The autumn when I was five years old, my kindergarten teachers took us to a local sweet potato farm for a “harvest” experience. The whole kindergarten (it was a small one) rented a bus and travelled to the farm located somewhere in the outskirt of my hometown.
What I remember about the farm is that it was very vast. As I got off the bus and sat with other children to listen to the instruction of the farm owner, I thought to myself what a huge farm it was compared to my maternal grandmother’s vegetable garden, which was the only farm I had known at the time.
After listening to the instruction, we went into the farm and each of us harvested a few sweet potatoes from the ground using a scop and our hands. Then, a fire was made with coals and a lot of dried leaves, and the farm owner placed some fresh sweet potatoes in the fire to make what’s called in Japanese yaki imo, baked sweet potatoes. We all sat around the fire in a circle, and once the potatoes were cooked, we ate them, laughing and exclaiming how hot and delicious the potatoes were.
Just before leaving the farm, the farm owner gave us the sweet potatoes that we had earlier picked from the ground as souvenirs. Each of us were given two sweet potatoes as we got on the bus to go back home.

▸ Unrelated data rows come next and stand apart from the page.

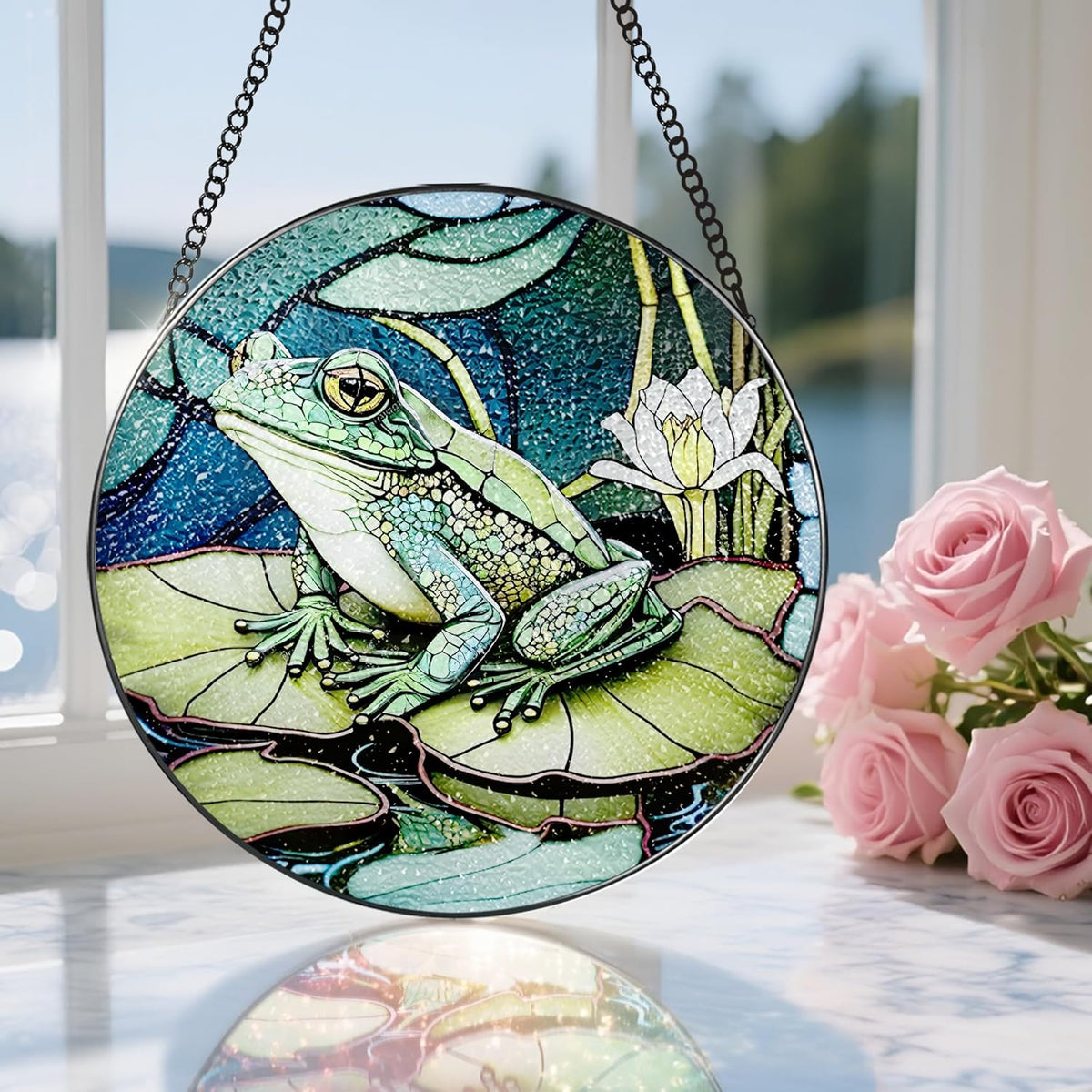 Stained Glass Window Hanging, Stained Glass Suncatcher, Frog Sun Catcher, Window Hanging Decor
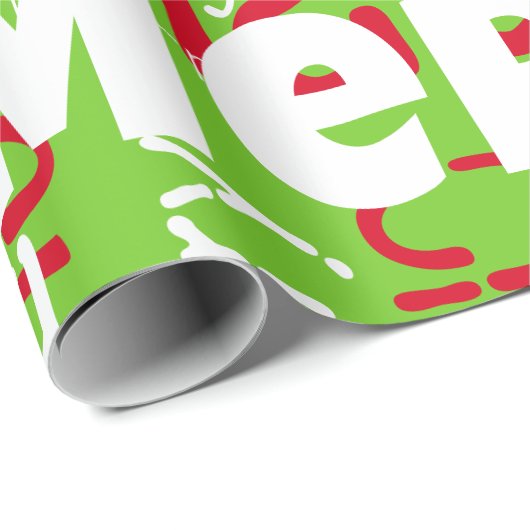 Groen Rood Vrolijk Kerstmis Herhalend Woord Cadeaupapier (Rol Hoek)
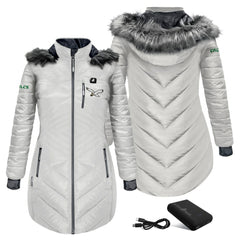 Philadelphia Eagles ActionHeat Women's 5V Battery Heated Long Puffer Full-Zip Hoodie Jacket - White Hoodies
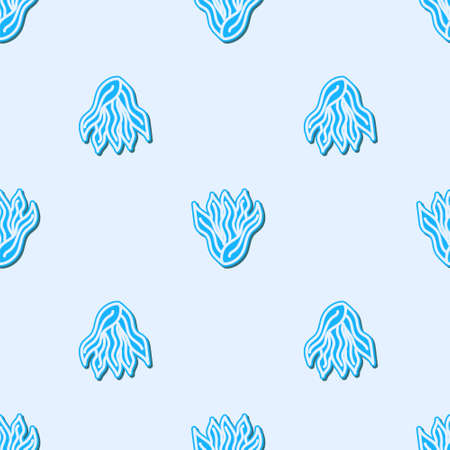 Blue line Seaweed icon isolated seamless pattern on grey background. Underwater seaweed spirulina, aquatic marine algae plant. Vegan and vegetarian food. Vector.のイラスト素材
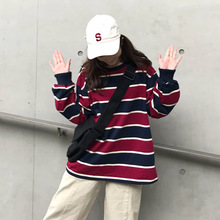 宽松百搭条纹长袖 卫衣上衣女学生打底衫 韩版 T恤女春秋2019新款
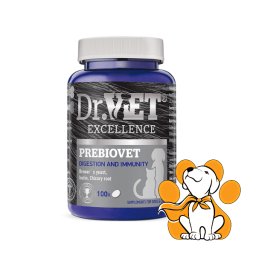 Dr VET Prebiovet 100 Tableta, Dodatak u Ishrani Pasa i Mačaka, Poboljšava Apetit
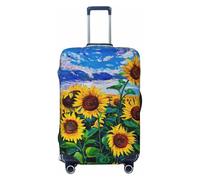 Copertura per bagagli da viaggio con paesaggi con girasoli, elastica, per valigie, 45-81 cm, Nero, Large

On our way back home, I remember sitting at the very front seat on my own with two plump sweet potatoes on my lap. Our teacher put on some movie on the TV screen inside the bus so that we could enjoy our bus journey, but I didn’t pay attention to the movie at all. I was so happy to have my two plump sweet potatoes on my lap that I was busy cuddling them. And after a while, I fell asleep with a smile of satisfaction on my face.